Deus deu a todas as almas o
livre-arbítrio, ou seja, a faculdade de progredir; a todas ele deu a
mesma aspiração, e é por isso que o vestido de burel toca de mais perto o
vestido de brocado de ouro do que geralmente se pensa. Assim, diminuí
as distâncias pela caridade; introduzi o pobre em vossa casa,
encorajai-o, erguei-o, não o humilheis. Se se soubesse praticar em toda
parte esta grande lei da consciência, não haveria, em épocas
determinadas, estas grandes misérias que desonram os povos civilizados, e
que Deus envia para os castigar e para lhes abrir os olhos.
Queridos
pais, orai a Deus, amai-vos, praticai a lei do Cristo: não fazer aos
outros o que não gostaríeis que vos fizessem: implorai a Deus que vos
põe à prova, mostrando-vos que sua vontade é santa e grande como ele.

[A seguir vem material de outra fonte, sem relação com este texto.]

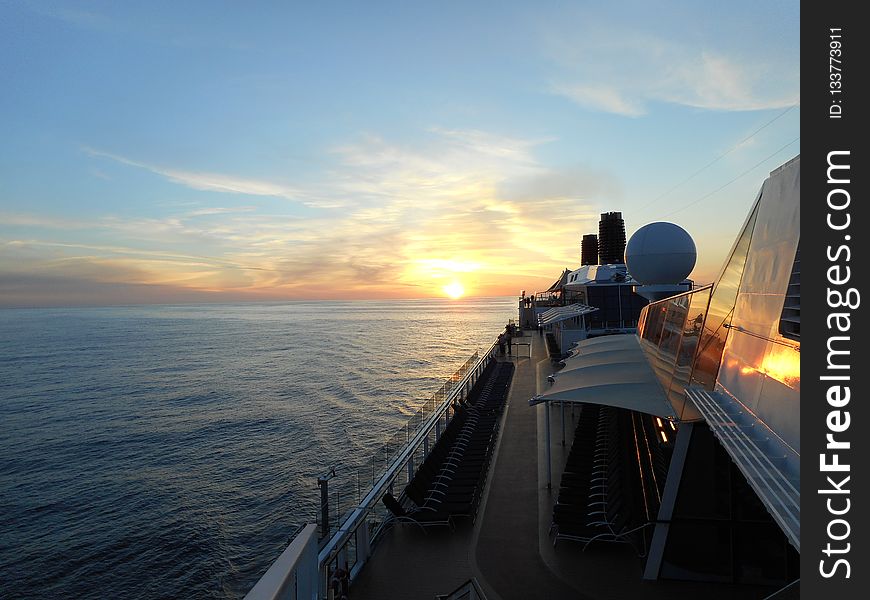 Sea, Sky, Horizon, Sunset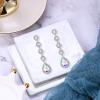 imageBriLove Womens Elegant Wedding Bridal Crystal Beaded Teardrop Chandelier Dangle Earrings06Iridescent AB SilverTone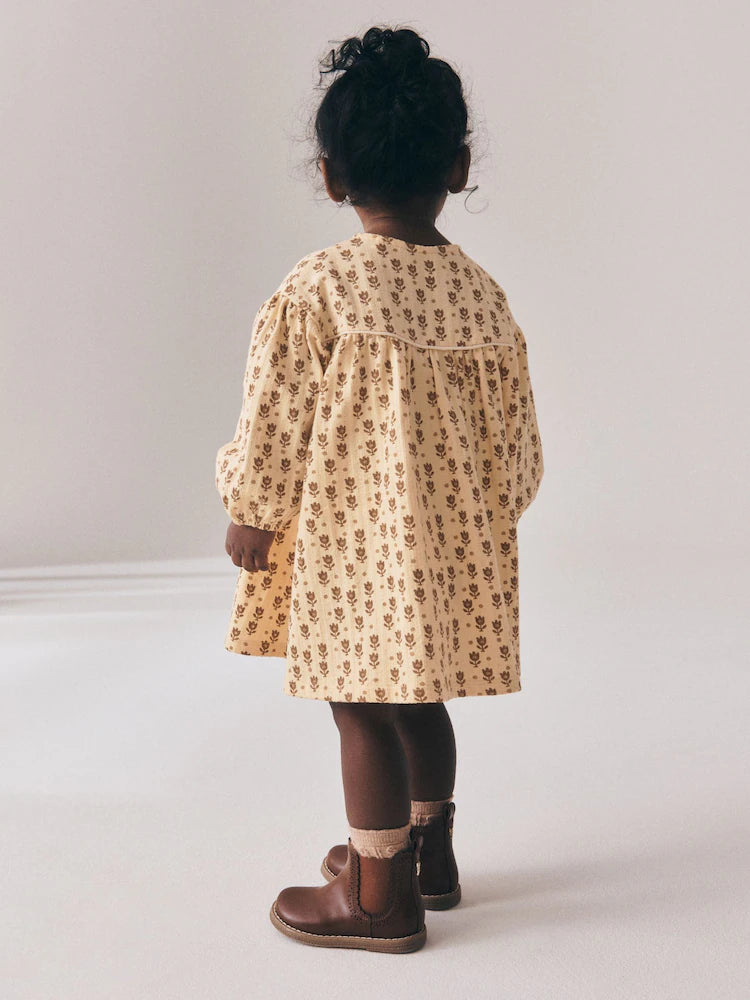 |Girl| Vestido Floral em Tons Neutros com Mangas Longas Bufantes (3 meses a 7 anos)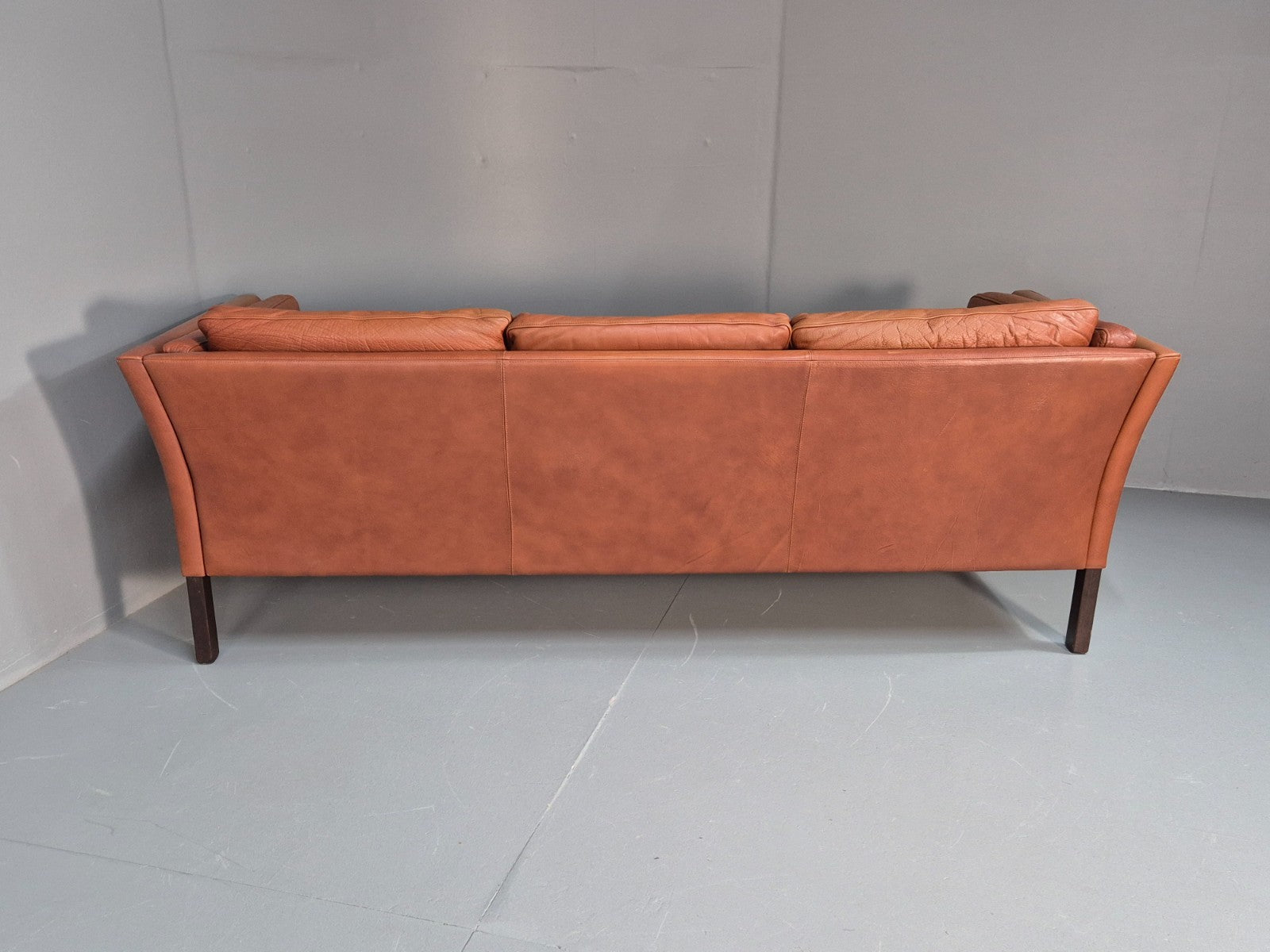 MidCentury Three Seater Sofa Tan Leather Vintage Danish Retro 1970s EB10721 M3SS15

Sabei, em vista do futuro, armar-vos de coragem e de perseverança, pois
ainda sois chamados a sofrer: é preciso saber merecer uma boa posição
num mundo melhor, onde a compreensão da justiça divina se torna a
punição dos maus Espíritos.
Estarei sempre perto de vós, queridos
pais. Adeus, ou melhor, até logo. Tende resignação, caridade, amor aos
vossos semelhantes, e sereis felizes um dia.
CLARA.
Observação:
Eis um belo pensamento: “O vestido de burel toca de mais perto do que se
pensa o vestido de brocado de ouro.” É uma alusão aos Espíritos que, de
uma existência à outra, passam de uma posição brilhante a uma posição
humilde ou miserável, pois com frequência eles expiam num meio ínfimo o
abuso que fizeram dos dons que Deus lhes concedera. É uma justiça que
todo o mundo compreende. Um outro pensamento, não menos profundo, é o
que atribui as calamidades dos povos à infração da lei de Deus, pois
Deus castiga os povos como castiga os indivíduos. É certo que se eles
praticassem a lei da caridade, não haveria nem guerras, nem grandes
misérias. É à prática dessa lei que o Espiritismo conduz; seria então
por isso que ele encontra inimigos tão encarniçados? As palavras desta
garota aos pais são as de um demônio?
Françoise Vernhes
Cega de nascença, filha de um meeiro
das proximidades de Toulouse, morta em 1855, com quarenta e cinco anos.
Dedicava-se constantemente a ensinar o catecismo às crianças para
prepará-las para a primeira comunhão.
Com a mudança do catecismo, ela
não teve nenhuma dificuldade em ensinarlhes o novo, pois sabia ambos de
cor. Numa noite de inverno, voltando de uma excursão a vários lugares
em companhia da tia, era preciso atravessar uma floresta por caminhos
horríveis e cheios de lama, e as duas mulheres deviam caminhar com
precaução à beira das valas. A tia queria conduzi-la pela mão, mas ela
respondeu-lhe: Não fiqueis em cuidados por mim, não corro nenhum perigo
de cair, vejo sobre meu ombro uma luz que me guia, segui-me, sou eu que
vou conduzir-vos. Chegaram assim em casa sem acidente, a cega
conduzindo aquela que podia servir-se dos olhos. Evocação em Paris, em maio de 1865.
P.
Teríeis a bondade de nos dar a explicação da luz que vos guiava naquela
noite escura, e que não era visível a não ser para vós? – R. Como!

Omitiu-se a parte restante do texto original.